(Short web captions)
—————
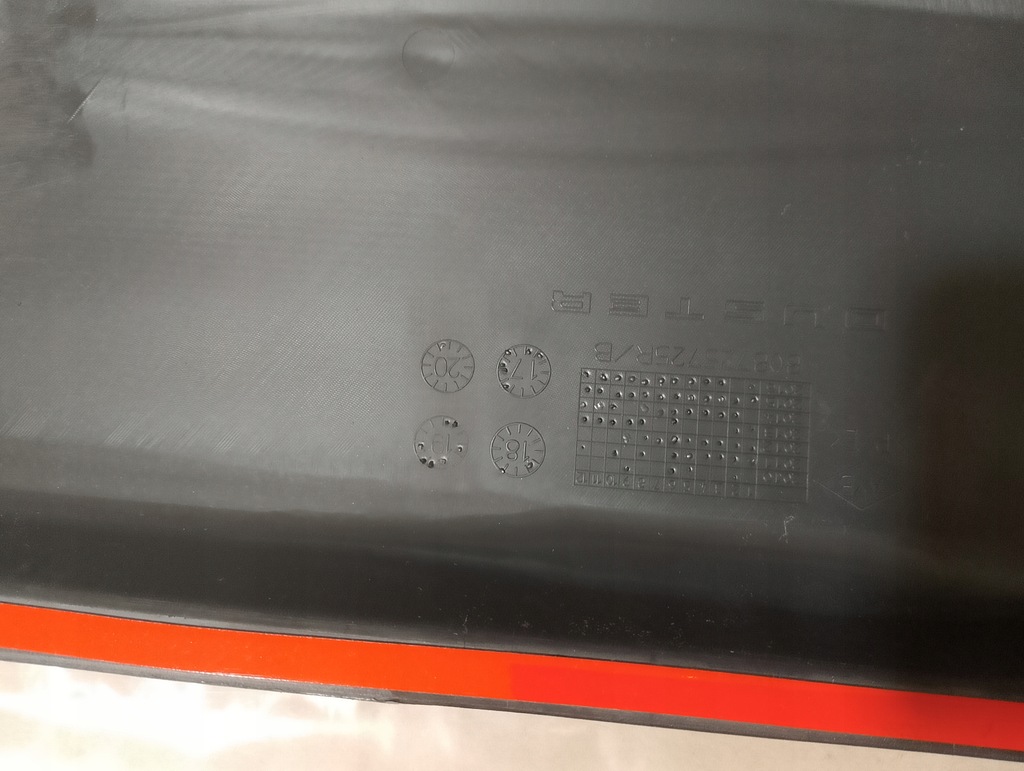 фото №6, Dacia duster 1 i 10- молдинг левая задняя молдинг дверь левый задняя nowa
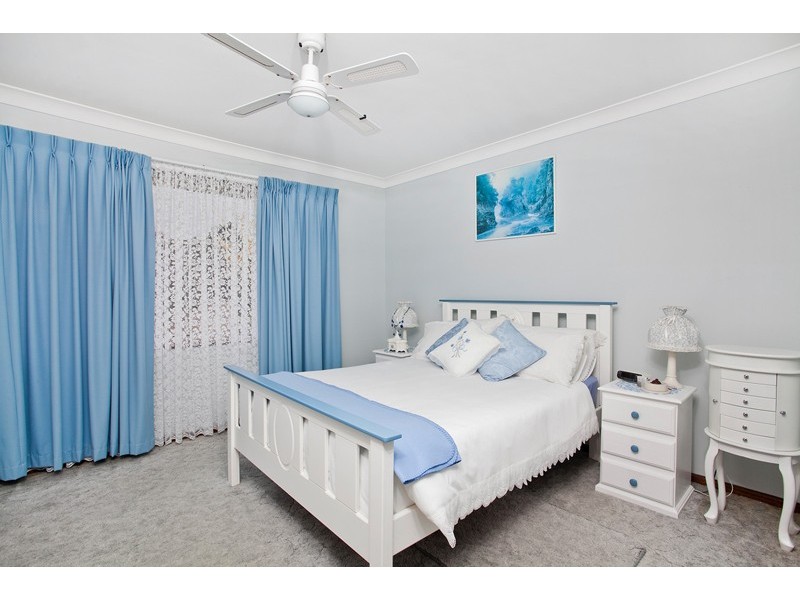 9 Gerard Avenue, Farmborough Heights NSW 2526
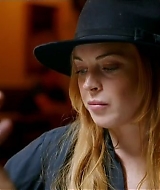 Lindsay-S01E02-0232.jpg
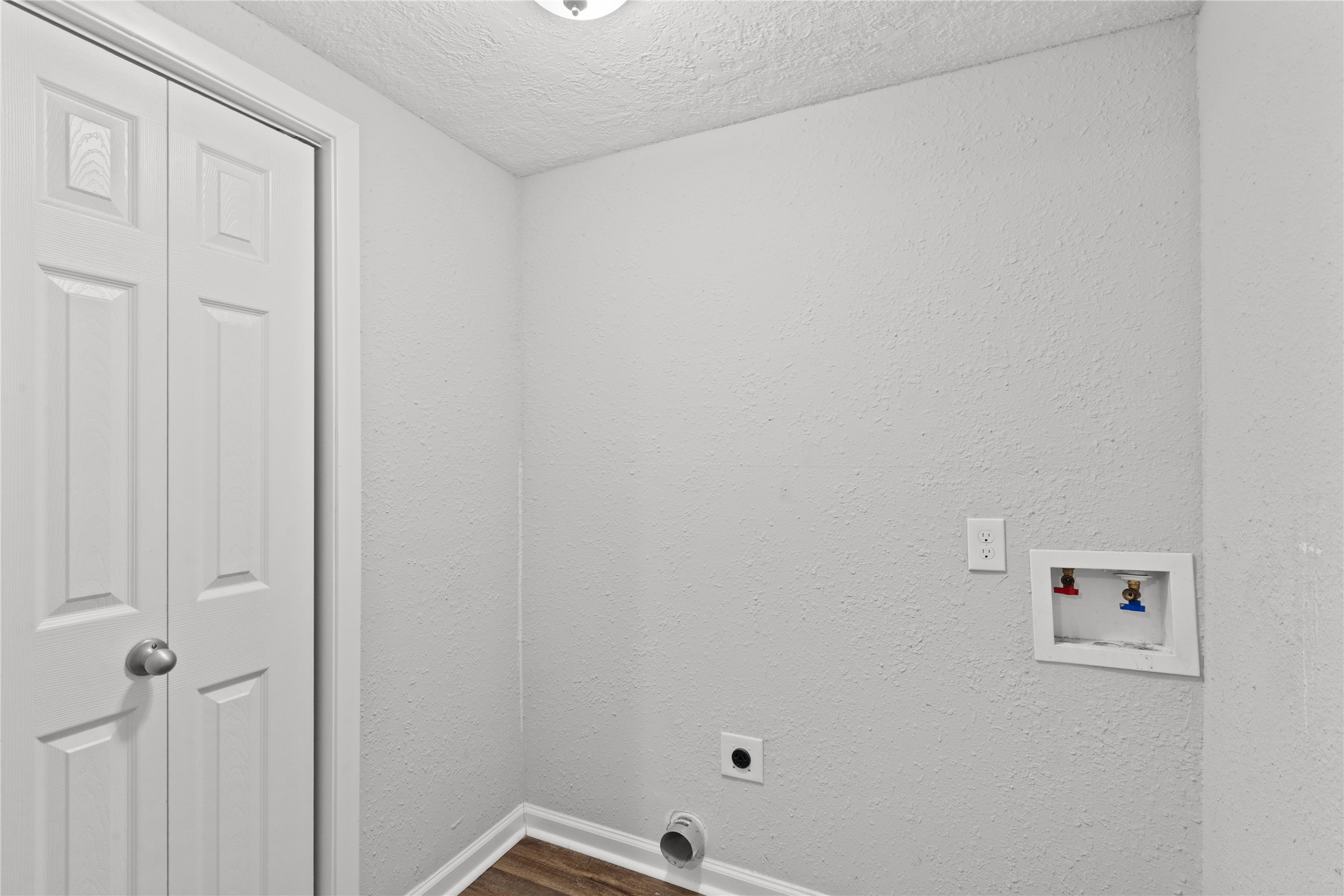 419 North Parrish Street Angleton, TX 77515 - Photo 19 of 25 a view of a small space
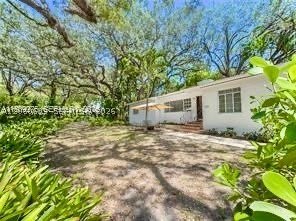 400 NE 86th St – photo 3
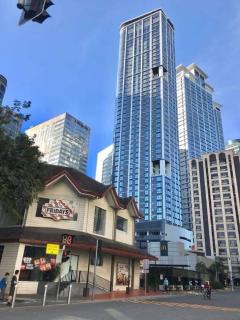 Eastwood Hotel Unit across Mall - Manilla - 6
—————
_Required action_
All of the entries need to be retyped word for word, pictures excluded.

_Answer to this problem_
 фото №6, Dacia duster 1 i 10- молдинг левая задняя молдинг дверь левый задняя nowa
 9 Gerard Avenue, Farmborough Heights NSW 2526
 Lindsay-S01E02-0232.jpg
 419 North Parrish Street Angleton, TX 77515 - Photo 19 of 25 a view of a small space
 400 NE 86th St – photo 3
 Eastwood Hotel Unit across Mall - Manilla - 6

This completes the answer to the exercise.